Protests began when the Hong Kong government proposed an extradition bill that would allow Hong Kong officials to detain and transport people wanted in other territories, including Taiwan and the Chinese mainland. The Hong Kong government states that their reason for this is based on the case with Tong-Kai Chan, a Taiwanese man who fled to Hong Kong after killing his girlfriend. If the law does not change, Tong-Kai Chan could go free and face no charges, however some activists and lawyers are afraid that if this bill is passed, it would mean an end to the freedom of censorship and free speech for the citizens of Hong Kong. They are concerned that China will use this new extradition agreement to not only transport criminals, but also political opposition leaders that have fled to Hong Kong in search of refuge, Hong Kong activists and any others the Chinese government does not want speaking out. Once on the Chinese mainland, the individual would be forced to follow Chinese laws and anyone that transgressed against the Chinese government could be sent to pay for their crimes regardless of the laws in Hong Kong.

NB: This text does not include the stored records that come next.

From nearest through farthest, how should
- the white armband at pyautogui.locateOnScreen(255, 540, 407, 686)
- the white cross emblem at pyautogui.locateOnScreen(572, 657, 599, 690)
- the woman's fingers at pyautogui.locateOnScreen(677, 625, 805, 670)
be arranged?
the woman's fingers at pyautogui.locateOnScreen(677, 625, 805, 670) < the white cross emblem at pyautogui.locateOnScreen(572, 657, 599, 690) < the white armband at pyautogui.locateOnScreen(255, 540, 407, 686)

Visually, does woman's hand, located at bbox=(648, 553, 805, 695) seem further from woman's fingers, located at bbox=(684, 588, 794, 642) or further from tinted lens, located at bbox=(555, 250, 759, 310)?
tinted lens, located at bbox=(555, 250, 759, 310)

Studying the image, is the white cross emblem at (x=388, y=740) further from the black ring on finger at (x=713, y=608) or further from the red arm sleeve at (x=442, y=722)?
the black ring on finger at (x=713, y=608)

Thousands of citizen gathered in the streets day after day calling for this law to be struck down, but when Carrie Lam, the leader of Hong Kong, said the bill was finally dead, the protest didn’t stop. This is because the extradition bill was tabled, not completely struck down. This concerned the citizens of Hong Kong because at any point Hong Kong officials could revive the bill and there is nothing in place to prevent them from doing so. This enraged even more protesters and the demands started shifting from just fully striking the bill down to having Carrie Lam resign, while others asking for complete independence from China.

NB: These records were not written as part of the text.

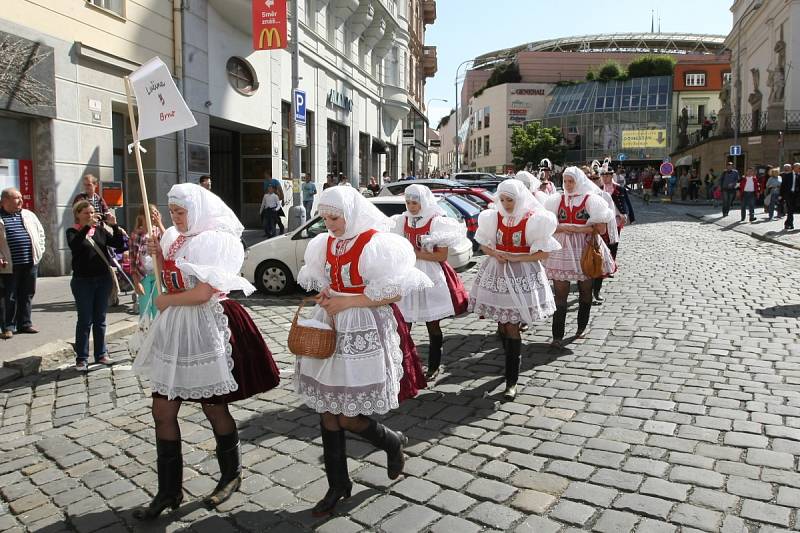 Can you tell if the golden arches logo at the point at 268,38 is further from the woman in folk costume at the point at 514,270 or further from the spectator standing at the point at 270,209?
the woman in folk costume at the point at 514,270

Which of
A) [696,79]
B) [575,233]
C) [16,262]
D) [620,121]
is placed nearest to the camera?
[575,233]

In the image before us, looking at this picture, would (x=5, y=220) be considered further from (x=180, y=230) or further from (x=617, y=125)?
(x=617, y=125)

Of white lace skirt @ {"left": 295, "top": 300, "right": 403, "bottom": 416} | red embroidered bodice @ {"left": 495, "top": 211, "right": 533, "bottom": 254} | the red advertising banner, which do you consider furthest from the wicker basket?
the red advertising banner

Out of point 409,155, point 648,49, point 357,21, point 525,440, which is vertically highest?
point 648,49

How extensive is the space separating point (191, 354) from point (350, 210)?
1099 mm

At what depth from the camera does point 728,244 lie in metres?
16.4

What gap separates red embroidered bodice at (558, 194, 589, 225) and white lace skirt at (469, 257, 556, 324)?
68.5 inches

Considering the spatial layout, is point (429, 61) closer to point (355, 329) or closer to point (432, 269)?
point (432, 269)

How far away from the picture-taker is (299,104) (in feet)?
51.3

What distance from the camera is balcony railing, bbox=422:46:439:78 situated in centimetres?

Hong Kong is part of the Republic of China, but has its own legal system, currency, and cultural identity, making citizens consider themselves “Hongkongers” instead of Chinese citizens. Hong Kong originated as a very important British trade colony, but after 150 years of British rule, Britain gave control of the colony to China in 1997. China allows Hong Kong to “rule itself” with the “one-party, two systems” policy. This means that Hong Kong has free reign making laws, managing currency and other things, but they still technically belong to the re-unified Republic of China. This protects Hong Kong from the heavy Chinese censorship and laws that have trapped Chinese citizens for years while still technically belonging to China.

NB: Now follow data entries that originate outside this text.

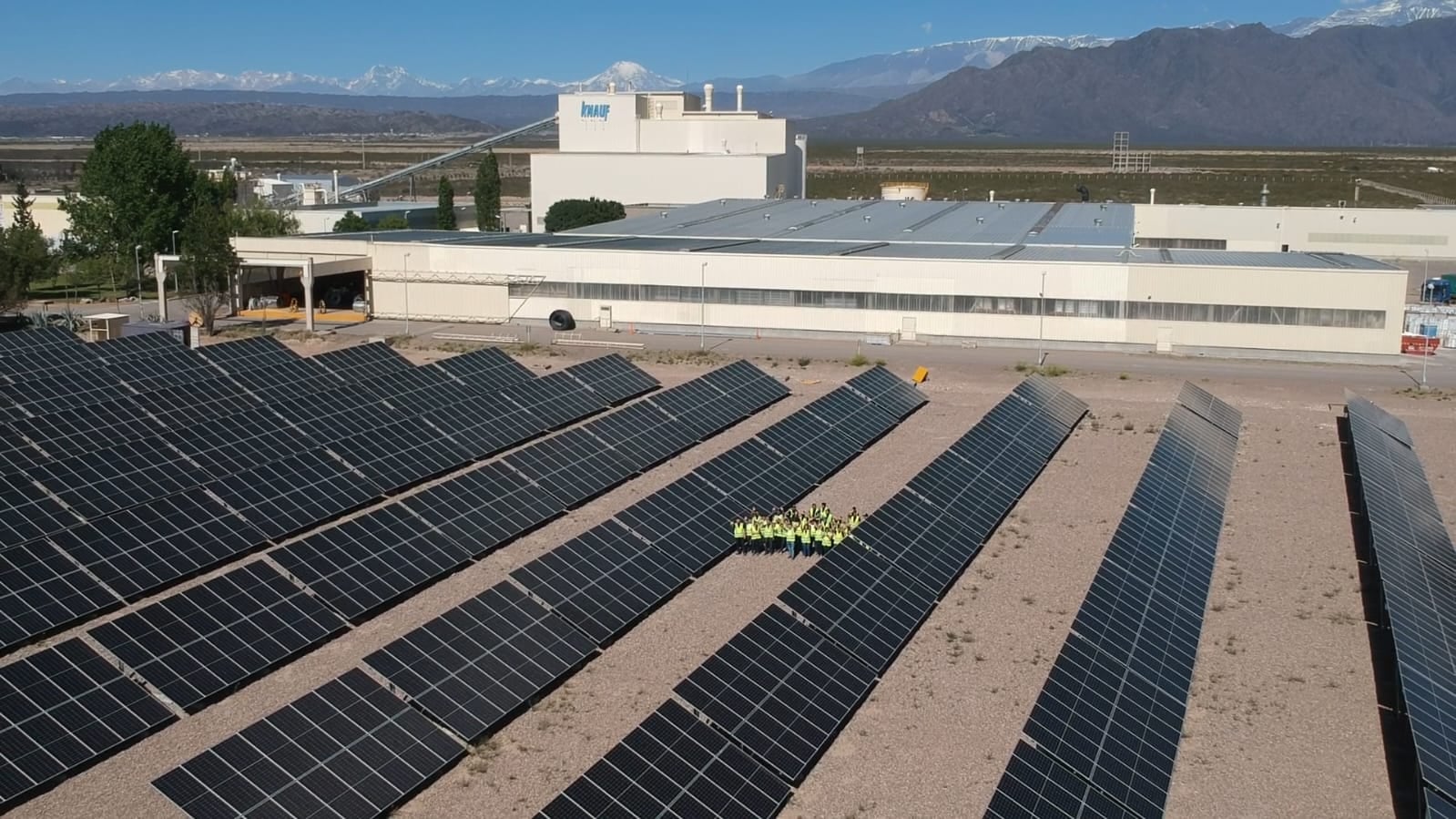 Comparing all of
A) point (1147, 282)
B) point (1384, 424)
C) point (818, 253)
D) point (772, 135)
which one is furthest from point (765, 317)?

While protests for the most part have been peaceful some riots have broken out and have been the cause of police action against protesters. China has moved paramilitary units to the boarder, and although the Chinese government says this has nothing to do with Hong Kong, many people both in and out of Hong Kong are afraid that this will lead to a repeat of the Tiananmen Square Massacre, when China used extreme and unreasonable force against peaceful student protesters in 1989. This is due to  many advertisements and propaganda being shown throughout Beijing, manipulating images of small riots to make them seem worse and referring to the Hong Kong protesters as the enemies. In Beijing, anger against the protesters is growing as citizens blame Hongkongers for stopping and damaging the Chinese economy and business. As of the moment, tensions between Hong Kong and China seem to be plateauing, but it will only take a spark to light the fire.